(Recorded data)
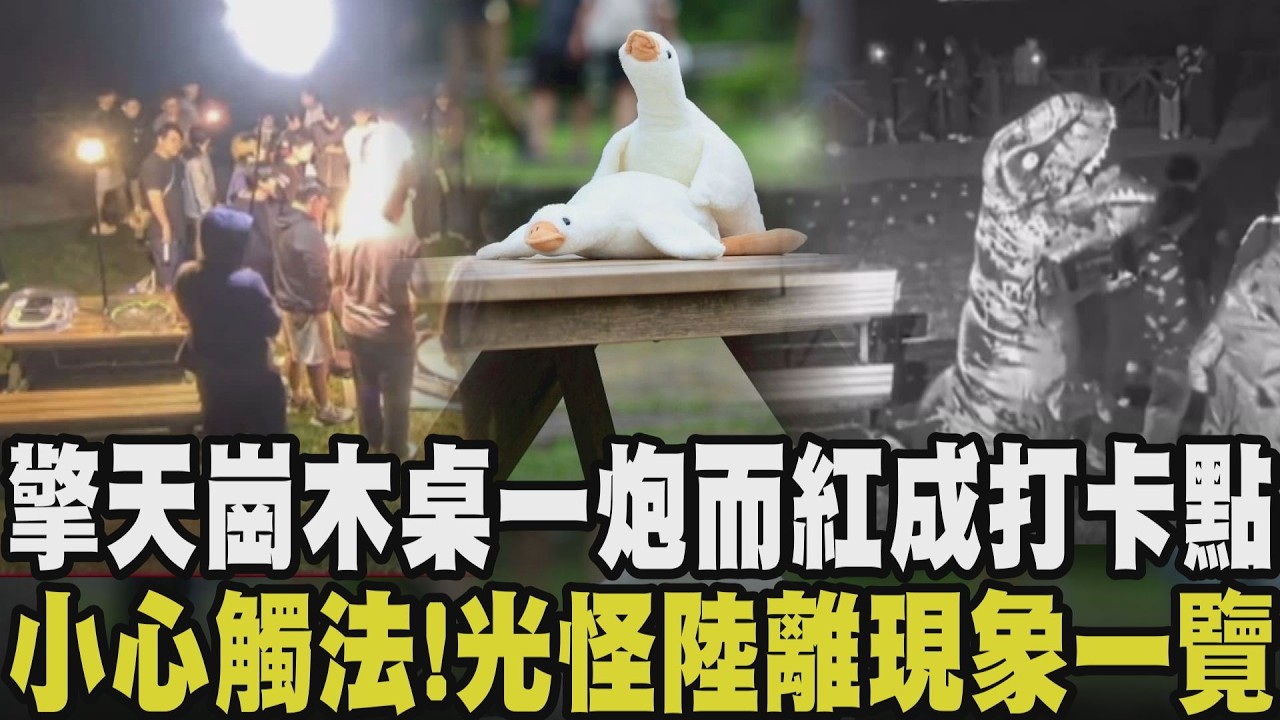 擎天崗亂象？當事野戰桌成打卡名點 有人高舉「柯文哲清清白白」布條.有人拍婚紗.還有人用大白鵝交疊還原現場 Z世代與α世代強勢來襲 改變社會樣貌｜【話題懶人包】｜TVBS新聞 @TVBSNEWS01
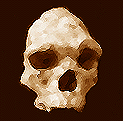 crani de Taltell
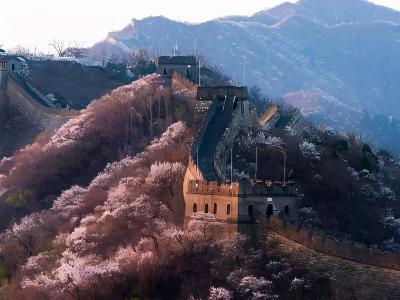 Mutianyu Great Wall surrounded by blooming flowers and mountain scenery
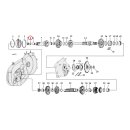 Cometic, o-ring clutch gear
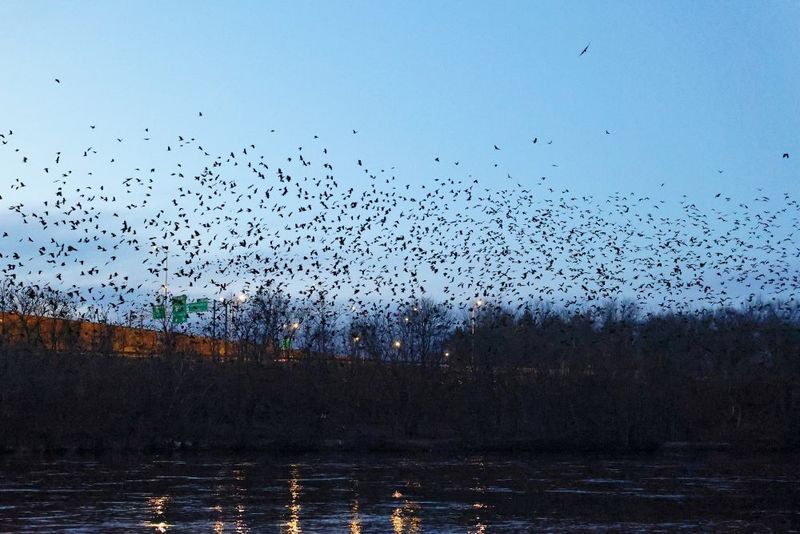 A Night Roost May Be Forming A Night Roost May Be Forming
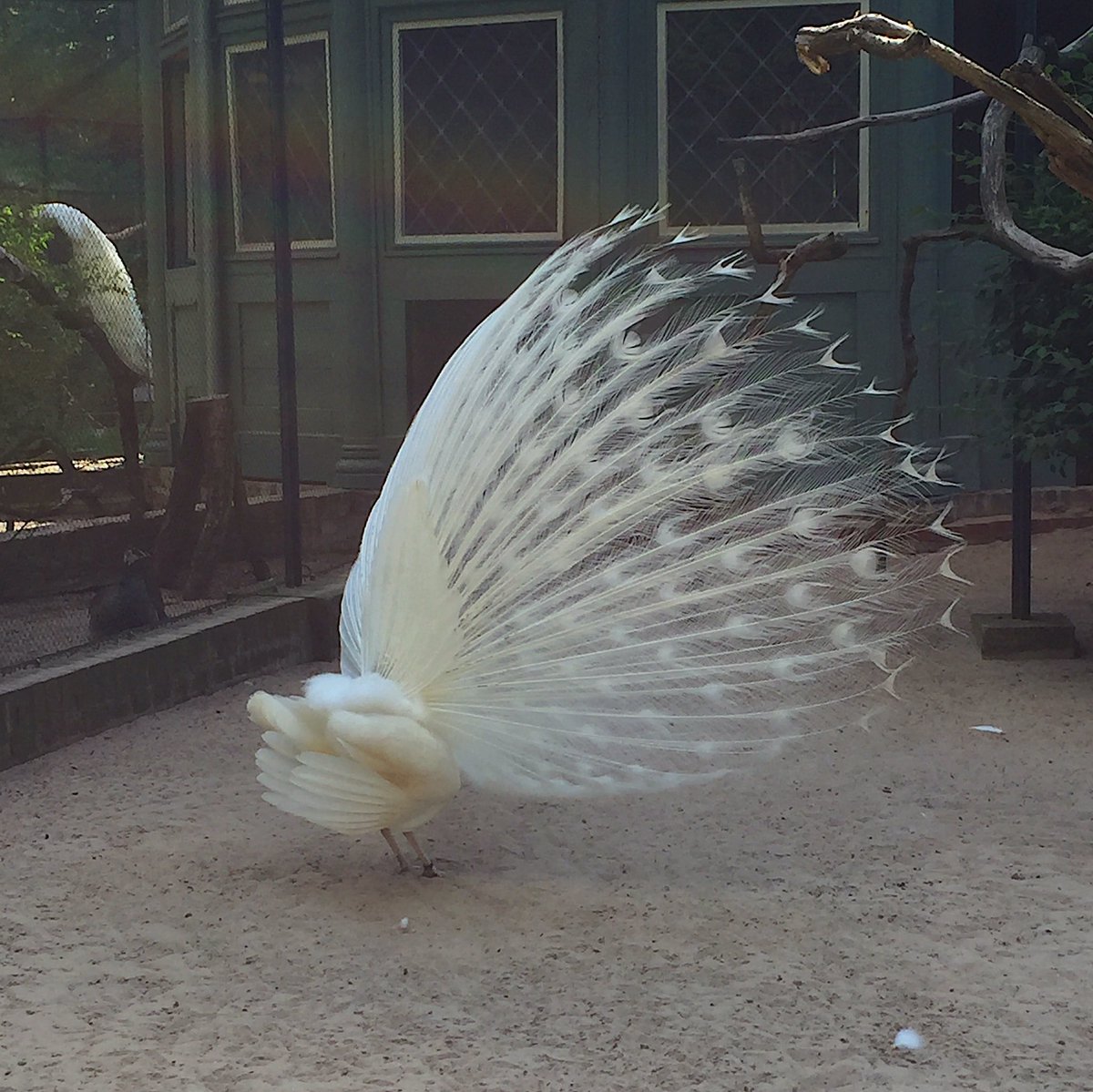 最近的我的伞的状态😐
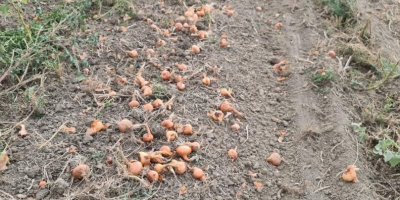 Sprzedam cebulę luzem z pola lub w workach, duże,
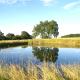 The Old Pump House, Bungay (fotografie 5)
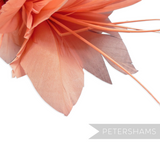 Petershams Millinery Supplies coral stripped diamond coque and goose feather hat mount with wired stem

Work to complete: Write the lines above out again exactly, without any of their pictures.

Solved problem:
 擎天崗亂象？當事野戰桌成打卡名點 有人高舉「柯文哲清清白白」布條.有人拍婚紗.還有人用大白鵝交疊還原現場 Z世代與α世代強勢來襲 改變社會樣貌｜【話題懶人包】｜TVBS新聞 @TVBSNEWS01
 crani de Taltell
 Mutianyu Great Wall surrounded by blooming flowers and mountain scenery
 Cometic, o-ring clutch gear
 A Night Roost May Be Forming A Night Roost May Be Forming
 最近的我的伞的状态😐
 Sprzedam cebulę luzem z pola lub w workach, duże,
 The Old Pump House, Bungay (fotografie 5)
 Petershams Millinery Supplies coral stripped diamond coque and goose feather hat mount with wired stem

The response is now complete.